Task objective: A verbatim copy of all the data is required; the pictures should not appear in it.

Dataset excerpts

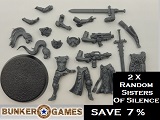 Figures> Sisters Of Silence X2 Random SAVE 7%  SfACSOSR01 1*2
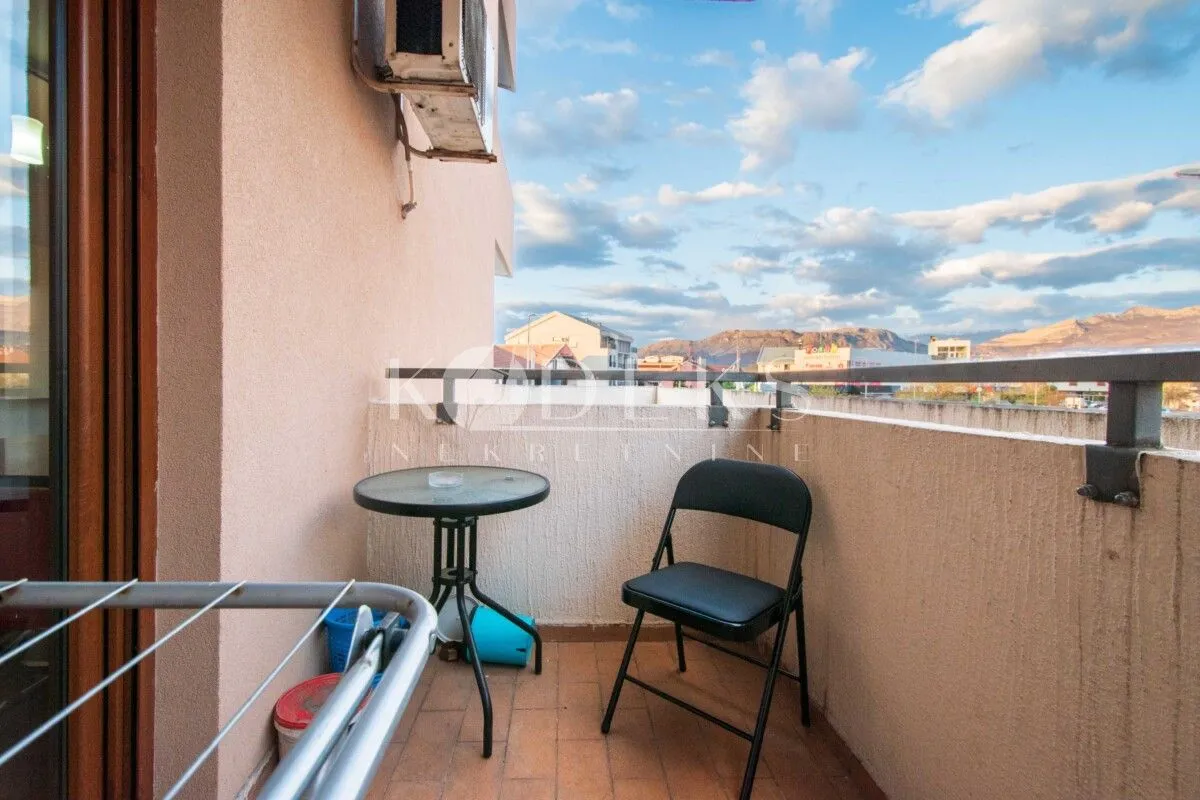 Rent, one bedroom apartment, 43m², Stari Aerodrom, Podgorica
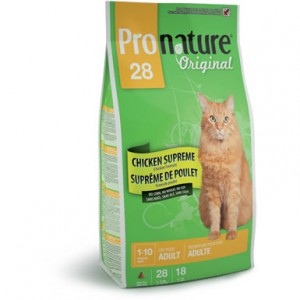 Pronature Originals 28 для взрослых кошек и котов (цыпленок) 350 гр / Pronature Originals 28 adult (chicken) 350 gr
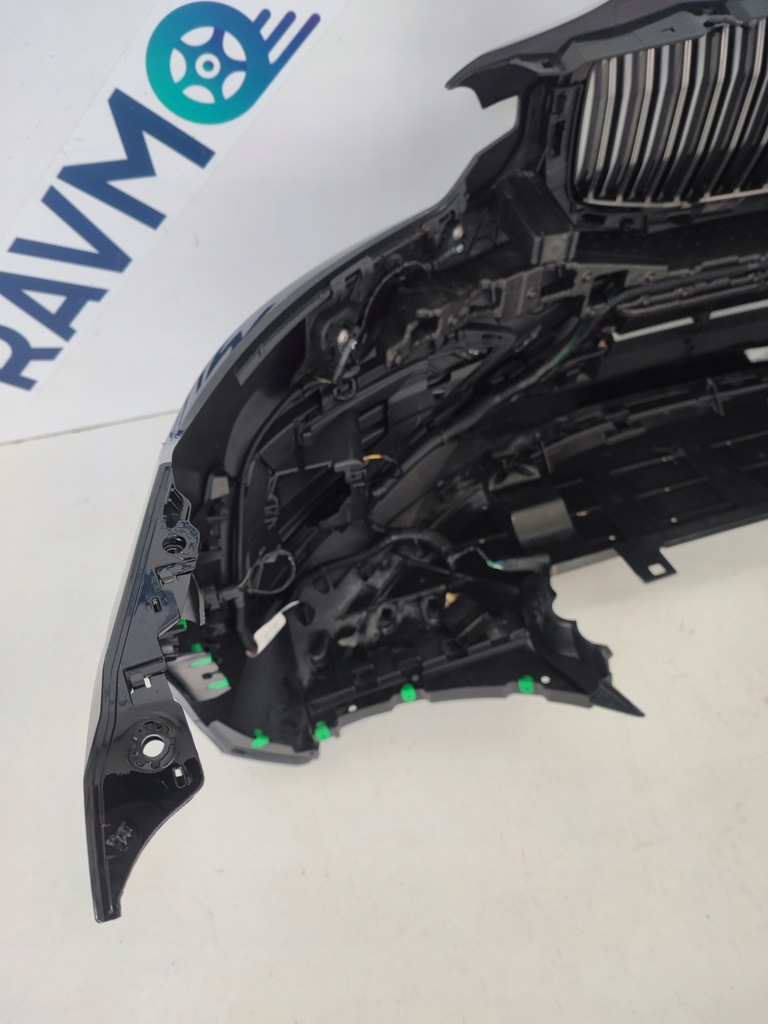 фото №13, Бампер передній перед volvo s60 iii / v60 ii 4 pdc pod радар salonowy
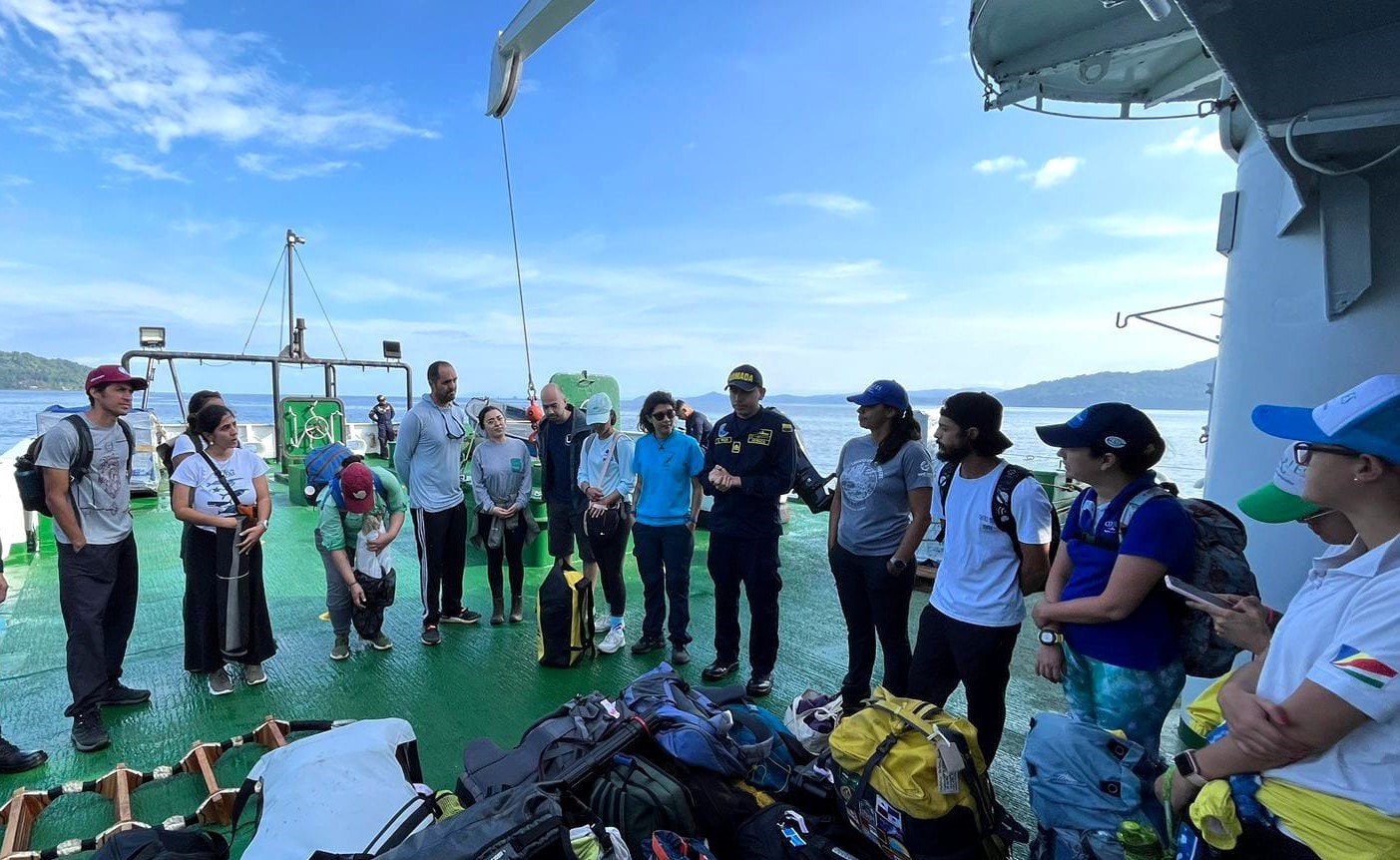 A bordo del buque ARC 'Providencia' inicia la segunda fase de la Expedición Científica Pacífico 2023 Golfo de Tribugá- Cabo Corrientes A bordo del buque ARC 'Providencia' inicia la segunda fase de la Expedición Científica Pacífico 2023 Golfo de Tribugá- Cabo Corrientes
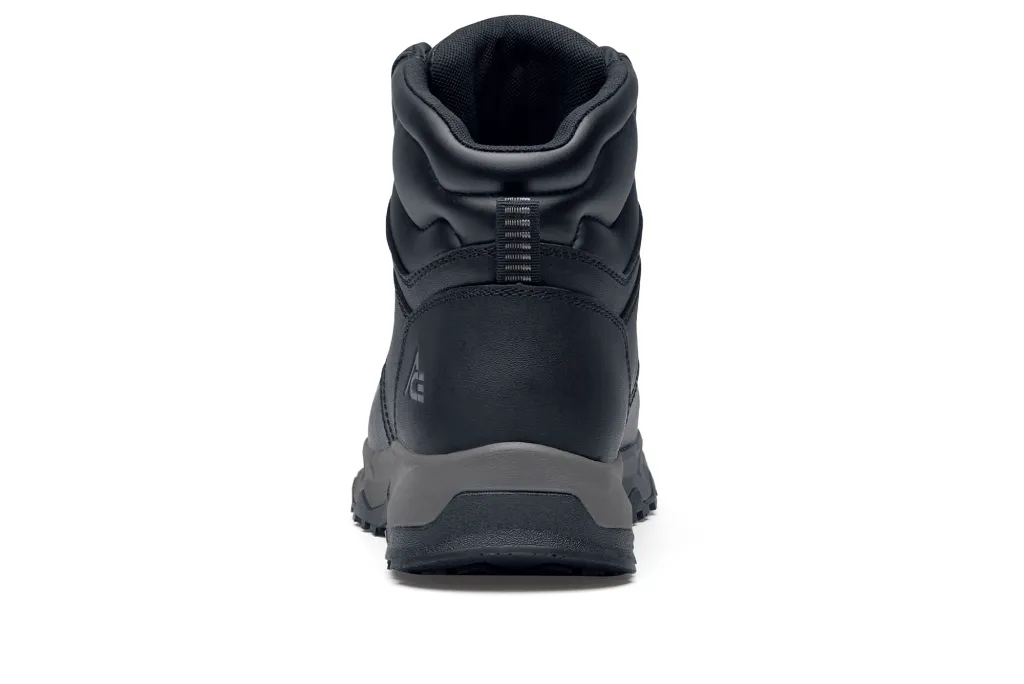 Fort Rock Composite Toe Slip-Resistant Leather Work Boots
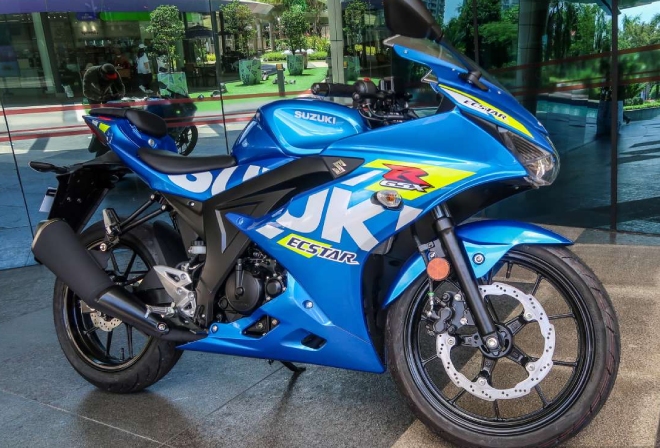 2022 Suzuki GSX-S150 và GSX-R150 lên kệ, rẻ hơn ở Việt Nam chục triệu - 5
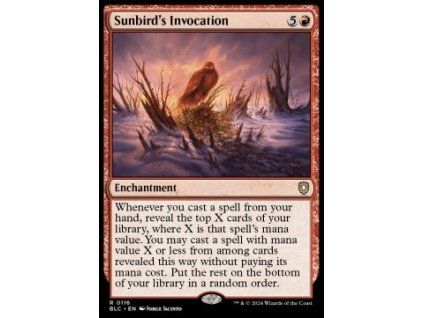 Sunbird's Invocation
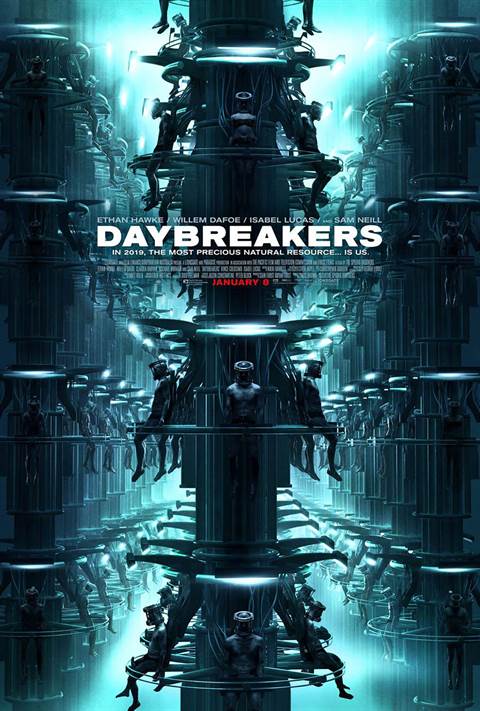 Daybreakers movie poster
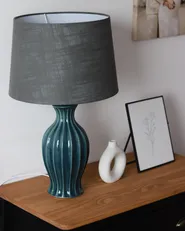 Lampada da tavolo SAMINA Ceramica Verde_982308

Response to the task:
 Figures> Sisters Of Silence X2 Random SAVE 7%  SfACSOSR01 1*2
 Rent, one bedroom apartment, 43m², Stari Aerodrom, Podgorica
 Pronature Originals 28 для взрослых кошек и котов (цыпленок) 350 гр / Pronature Originals 28 adult (chicken) 350 gr
 фото №13, Бампер передній перед volvo s60 iii / v60 ii 4 pdc pod радар salonowy
 A bordo del buque ARC 'Providencia' inicia la segunda fase de la Expedición Científica Pacífico 2023 Golfo de Tribugá- Cabo Corrientes A bordo del buque ARC 'Providencia' inicia la segunda fase de la Expedición Científica Pacífico 2023 Golfo de Tribugá- Cabo Corrientes
 Fort Rock Composite Toe Slip-Resistant Leather Work Boots
 2022 Suzuki GSX-S150 và GSX-R150 lên kệ, rẻ hơn ở Việt Nam chục triệu - 5
 Sunbird's Invocation
 Daybreakers movie poster
 Lampada da tavolo SAMINA Ceramica Verde_982308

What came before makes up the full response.